No caso concreto, explicou o ministro, discute-se o tema sob ângulo constitucional e, nesse caso, defendeu que o fundamento de soberania trazido pela Lei 6.815/1980 deve ser compatibilizado com os avanços constitucionais. Segundo ele, a Carta de 1988 intensificou a tutela da família e da criança, assegurando-lhes cuidado especial, que foi concretizado pelo legislador na edição do ECA. “É impróprio articular com a noção de interesse nacional inerente à expulsão de estrangeiro quando essa atuação estatal alcança a situação da criança, sob os ângulos econômico e psicossocial”. afirmou
A regra do parágrafo 1º do artigo 75 da Lei 6.815/1980, para o relator, representa a quebra da relação familiar, independentemente da situação econômica do menor e dos vínculos socioafetivos desenvolvidos. “Priva-se perpetuamente a criança do convívio familiar, da conformação da identidade. Dificulta-se o acesso aos meios necessários à subsistência, presentes os obstáculos decorrentes da cobrança de pensão alimentícia de indivíduo domiciliado ou residente em outro país. É dizer, impõe-se à criança ruptura e desamparo, cujos efeitos repercutem nos mais diversos planos da existência, em colisão não apenas com a proteção especial conferida à criança, mas também com o âmago do princípio da proteção à dignidade da pessoa humana”, destacou o ministro.

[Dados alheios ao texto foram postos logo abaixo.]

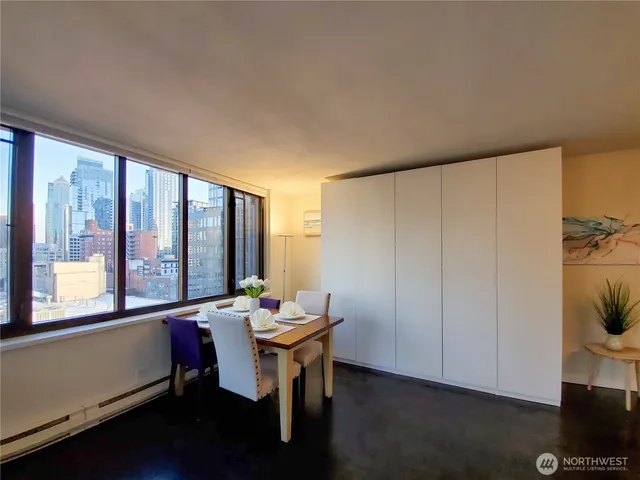 a room with furniture and large windows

Além disso, afirmou que a norma questionada afronta o princípio da isonomia ao estabelecer tratamento discriminatório entre filhos havidos antes e após o fato motivador da expulsão. Os prejuízos associados à expulsão de genitor, defendeu o ministro, independem da data do nascimento ou da adoção, muito menos do marco aleatório representado pela prática da conduta motivadora da expulsão.
Por fim, destacou que a prevalência dos princípios da proteção do interesse da criança e da família “não esvazia a soberania nacional”, uma vez que o estrangeiro continuará obrigado a comprovar ter filho
brasileiro sob a própria guarda e dependente economicamente, conforme previsto no artigo 75, inciso II, alínea “b”, da Lei 6.815/1980. "Exige-se do estrangeiro a demonstração de vínculo qualificado com o País, apto a, dentro das balizas legais, autorizar a permanência em território nacional", explicou. 
Acompanharam o voto do relator os ministros Alexandre de Moraes, Edson Fachin, Roberto Barroso, Rosa Weber, Cármen Lúcia e Ricardo Lewandowski.